SDO Observes Massive Eruption, Scorching Rain
April 27, 2010: Just last week, scientists working with NASA's new Solar Dynamics Observatory (SDO) released the most astonishing movies of the sun anyone had ever seen. Now, they're doing it again.
"SDO has just observed a massive eruption on the sun—one of the biggest in years," says Lika Guhathakurta of NASA headquarters in Washington DC. "The footage is not only dramatic, but also could solve a longstanding mystery of solar physics."
Karel Schrijver of Lockheed Martin's Solar and Astrophysics Lab is leading the analysis. "We can see a billion tons of magnetized plasma blasting into space while debris from the explosion falls back onto the sun surface. These may be our best data yet."
A magnetic filament erupts on April 19th. The black "hair-like object" is a speck of dust on the CCD camera. Credit: SDO/AIA. 25 MB Quicktime movies: zoomed in or full disk.
The movie, recorded on April 19th, spans four hours of actual time and more than 100,000 km of linear space. "It's huge," says Schrijver. Indeed, the entire planet Earth could fit between the plasma streamers with room to spare.
Coronal rain. Encircled are two plasma streamers, one hitting the sun's surface and another incoming behind it. Astronomers have seen eruptions like this before, but rarely so large and never in such fluid detail. As science team member Alan Title of Lockheed Martin pointed out at last week's press conference, "no other telescope comes close to the combined spatial, temporal and spectral resolution of SDO."
Schrijver says his favorite part of the movie is the coronal rain. "Blobs of plasma are falling back to the surface of the sun, making bright splashes where they hit," he explains. "This is a phenomenon I've been studying for years."
Coronal rain has long been a mystery. It's not surprising that plasma should fall back to the sun. After all, the sun's gravity is powerful. The puzzle of coronal rain is how slowly it seems to fall. "The sun's gravity should be pulling the material down much faster than it actually moves. What's slowing the descent?" he wonders.
For the first time, SDO provides an answer.
"The rain appears to be buoyed by a 'cushion' of hot gas," says Schrijver. "Previous observatories couldn't see it, but it is there."
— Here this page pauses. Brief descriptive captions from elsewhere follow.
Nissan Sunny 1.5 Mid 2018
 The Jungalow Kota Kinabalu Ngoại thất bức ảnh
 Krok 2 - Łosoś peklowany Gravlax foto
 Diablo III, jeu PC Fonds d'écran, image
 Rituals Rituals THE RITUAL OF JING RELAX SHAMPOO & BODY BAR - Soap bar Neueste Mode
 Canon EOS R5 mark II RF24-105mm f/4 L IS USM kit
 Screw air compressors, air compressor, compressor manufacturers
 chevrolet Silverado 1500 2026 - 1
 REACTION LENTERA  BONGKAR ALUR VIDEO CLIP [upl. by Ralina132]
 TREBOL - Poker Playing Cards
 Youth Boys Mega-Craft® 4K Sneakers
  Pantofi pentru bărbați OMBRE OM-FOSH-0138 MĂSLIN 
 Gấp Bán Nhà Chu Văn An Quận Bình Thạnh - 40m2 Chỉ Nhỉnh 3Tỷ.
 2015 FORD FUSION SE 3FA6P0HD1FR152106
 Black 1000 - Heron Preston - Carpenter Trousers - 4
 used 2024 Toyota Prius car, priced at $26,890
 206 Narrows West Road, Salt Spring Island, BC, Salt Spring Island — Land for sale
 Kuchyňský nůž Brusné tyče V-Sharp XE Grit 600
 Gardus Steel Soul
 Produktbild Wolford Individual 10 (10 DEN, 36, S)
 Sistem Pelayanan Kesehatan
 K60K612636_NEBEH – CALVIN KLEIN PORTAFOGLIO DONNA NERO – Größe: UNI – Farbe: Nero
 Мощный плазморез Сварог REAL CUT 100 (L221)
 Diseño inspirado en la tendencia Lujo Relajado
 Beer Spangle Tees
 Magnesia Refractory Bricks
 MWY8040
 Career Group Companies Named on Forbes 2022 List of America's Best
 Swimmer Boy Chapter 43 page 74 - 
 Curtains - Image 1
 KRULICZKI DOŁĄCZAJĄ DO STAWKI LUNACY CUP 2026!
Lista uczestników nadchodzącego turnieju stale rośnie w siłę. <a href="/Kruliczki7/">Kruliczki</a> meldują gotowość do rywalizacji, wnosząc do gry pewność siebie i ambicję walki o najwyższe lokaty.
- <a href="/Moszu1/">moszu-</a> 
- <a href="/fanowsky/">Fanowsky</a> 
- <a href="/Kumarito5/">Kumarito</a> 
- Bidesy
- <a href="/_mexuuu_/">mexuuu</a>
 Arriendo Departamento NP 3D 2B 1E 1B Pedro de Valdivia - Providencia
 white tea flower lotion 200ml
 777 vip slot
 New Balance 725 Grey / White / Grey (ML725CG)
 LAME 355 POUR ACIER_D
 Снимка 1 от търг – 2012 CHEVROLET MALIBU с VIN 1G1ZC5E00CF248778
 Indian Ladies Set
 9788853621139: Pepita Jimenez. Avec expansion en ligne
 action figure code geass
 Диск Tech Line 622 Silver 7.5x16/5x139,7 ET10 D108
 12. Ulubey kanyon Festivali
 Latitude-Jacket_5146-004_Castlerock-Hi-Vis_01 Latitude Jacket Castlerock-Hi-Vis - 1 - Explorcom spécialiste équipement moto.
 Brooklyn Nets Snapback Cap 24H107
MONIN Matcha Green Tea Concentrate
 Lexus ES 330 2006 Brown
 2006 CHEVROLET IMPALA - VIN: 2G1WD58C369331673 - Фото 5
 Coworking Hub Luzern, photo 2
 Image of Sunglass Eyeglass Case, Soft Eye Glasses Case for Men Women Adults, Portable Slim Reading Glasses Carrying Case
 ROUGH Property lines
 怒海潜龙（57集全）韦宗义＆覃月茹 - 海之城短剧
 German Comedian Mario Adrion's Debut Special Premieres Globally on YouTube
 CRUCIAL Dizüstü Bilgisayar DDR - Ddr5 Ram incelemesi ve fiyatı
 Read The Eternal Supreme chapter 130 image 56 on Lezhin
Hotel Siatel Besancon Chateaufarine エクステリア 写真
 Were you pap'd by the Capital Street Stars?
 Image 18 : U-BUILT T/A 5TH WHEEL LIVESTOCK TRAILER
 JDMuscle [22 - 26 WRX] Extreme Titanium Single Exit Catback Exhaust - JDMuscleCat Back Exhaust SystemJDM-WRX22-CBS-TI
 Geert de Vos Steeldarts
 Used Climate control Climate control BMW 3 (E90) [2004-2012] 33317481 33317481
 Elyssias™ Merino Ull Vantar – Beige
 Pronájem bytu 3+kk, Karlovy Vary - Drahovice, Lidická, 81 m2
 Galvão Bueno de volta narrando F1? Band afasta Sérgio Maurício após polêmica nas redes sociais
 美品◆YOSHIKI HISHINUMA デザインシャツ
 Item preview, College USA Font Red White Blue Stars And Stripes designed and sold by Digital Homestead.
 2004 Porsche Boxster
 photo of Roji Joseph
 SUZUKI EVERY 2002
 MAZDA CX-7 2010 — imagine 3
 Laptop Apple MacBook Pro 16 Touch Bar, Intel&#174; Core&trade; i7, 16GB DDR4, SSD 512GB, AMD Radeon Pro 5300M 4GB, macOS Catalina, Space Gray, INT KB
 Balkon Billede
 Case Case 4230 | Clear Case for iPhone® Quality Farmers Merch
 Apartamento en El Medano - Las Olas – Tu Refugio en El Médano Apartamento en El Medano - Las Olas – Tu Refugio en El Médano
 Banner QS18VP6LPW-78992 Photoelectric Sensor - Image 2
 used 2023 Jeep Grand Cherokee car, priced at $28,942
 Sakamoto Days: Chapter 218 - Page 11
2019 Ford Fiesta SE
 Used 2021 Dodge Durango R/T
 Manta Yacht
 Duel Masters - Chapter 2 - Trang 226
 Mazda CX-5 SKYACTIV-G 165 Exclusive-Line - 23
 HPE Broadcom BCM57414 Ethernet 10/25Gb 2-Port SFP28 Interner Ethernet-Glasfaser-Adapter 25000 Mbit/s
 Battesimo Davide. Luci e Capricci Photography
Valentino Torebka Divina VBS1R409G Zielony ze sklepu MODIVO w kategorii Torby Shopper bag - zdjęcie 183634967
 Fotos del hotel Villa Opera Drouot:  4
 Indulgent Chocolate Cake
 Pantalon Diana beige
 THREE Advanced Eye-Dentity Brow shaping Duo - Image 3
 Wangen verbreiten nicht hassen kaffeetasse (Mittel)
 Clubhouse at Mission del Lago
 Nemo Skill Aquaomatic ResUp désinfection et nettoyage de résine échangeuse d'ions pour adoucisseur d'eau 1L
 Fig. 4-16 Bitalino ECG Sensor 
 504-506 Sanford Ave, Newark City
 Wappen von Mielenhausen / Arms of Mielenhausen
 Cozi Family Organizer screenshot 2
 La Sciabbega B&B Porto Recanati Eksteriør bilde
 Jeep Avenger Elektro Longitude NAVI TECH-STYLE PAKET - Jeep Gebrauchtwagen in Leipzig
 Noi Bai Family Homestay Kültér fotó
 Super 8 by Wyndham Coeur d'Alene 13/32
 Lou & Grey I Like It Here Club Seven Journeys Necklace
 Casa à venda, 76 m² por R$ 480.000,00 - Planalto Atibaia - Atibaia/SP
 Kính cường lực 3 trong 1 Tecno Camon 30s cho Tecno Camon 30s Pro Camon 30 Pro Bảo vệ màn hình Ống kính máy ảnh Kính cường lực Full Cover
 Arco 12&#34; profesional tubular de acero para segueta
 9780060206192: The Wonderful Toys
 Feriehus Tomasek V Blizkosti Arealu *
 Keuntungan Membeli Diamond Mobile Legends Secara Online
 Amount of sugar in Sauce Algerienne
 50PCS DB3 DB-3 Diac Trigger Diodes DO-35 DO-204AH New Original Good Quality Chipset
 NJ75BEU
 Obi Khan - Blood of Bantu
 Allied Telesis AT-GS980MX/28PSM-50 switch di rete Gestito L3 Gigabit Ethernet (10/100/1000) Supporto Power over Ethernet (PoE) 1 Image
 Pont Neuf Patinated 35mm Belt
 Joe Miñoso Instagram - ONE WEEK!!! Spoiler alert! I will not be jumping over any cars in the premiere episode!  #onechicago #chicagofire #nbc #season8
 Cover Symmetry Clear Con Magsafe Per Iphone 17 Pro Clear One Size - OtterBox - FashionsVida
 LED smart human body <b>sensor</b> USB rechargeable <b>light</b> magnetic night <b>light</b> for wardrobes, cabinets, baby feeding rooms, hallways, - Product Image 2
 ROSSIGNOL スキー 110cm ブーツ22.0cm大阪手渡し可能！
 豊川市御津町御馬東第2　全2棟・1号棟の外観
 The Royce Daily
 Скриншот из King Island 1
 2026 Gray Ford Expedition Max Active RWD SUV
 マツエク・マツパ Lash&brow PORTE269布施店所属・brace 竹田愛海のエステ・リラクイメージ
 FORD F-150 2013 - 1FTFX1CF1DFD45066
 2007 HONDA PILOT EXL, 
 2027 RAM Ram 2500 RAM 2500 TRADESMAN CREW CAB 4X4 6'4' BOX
One of SDO's game-changing capabilities is temperature sensing. Using an array of ultraviolet telescopes called the Atmospheric Imaging Assembly (AIA), the observatory can remotely measure the temperature of gas in the sun's atmosphere. Coronal rain turns out to be relatively cool—"only" 60,000 K. When the rains falls, it is supported, in part, by an underlying cushion of much hotter material, between 1,000,000 and 2,200,000 K.
A color-coded temperature movie of the eruption. Red and oranges are cool (60,000 K - 80,000 K); blues and greens are hot (1,000,000 - 2,200,000 K). The black "hair-like object" is a speck of dust on the CCD camera. Credit: SDO/AIA. 25 MB Quicktime movie.
"You can see the hot gas in the color-coded temperature movie," says Schrijver. "Cool material is red, hotter material is blue-green. The hot gas effectively slows the descent of the coronal rain."
Dick Fisher, the head of NASA's Heliophysics Division in Washington DC, has been working in solar physics for nearly forty years. "In all that time," he says, "I've never seen images like this."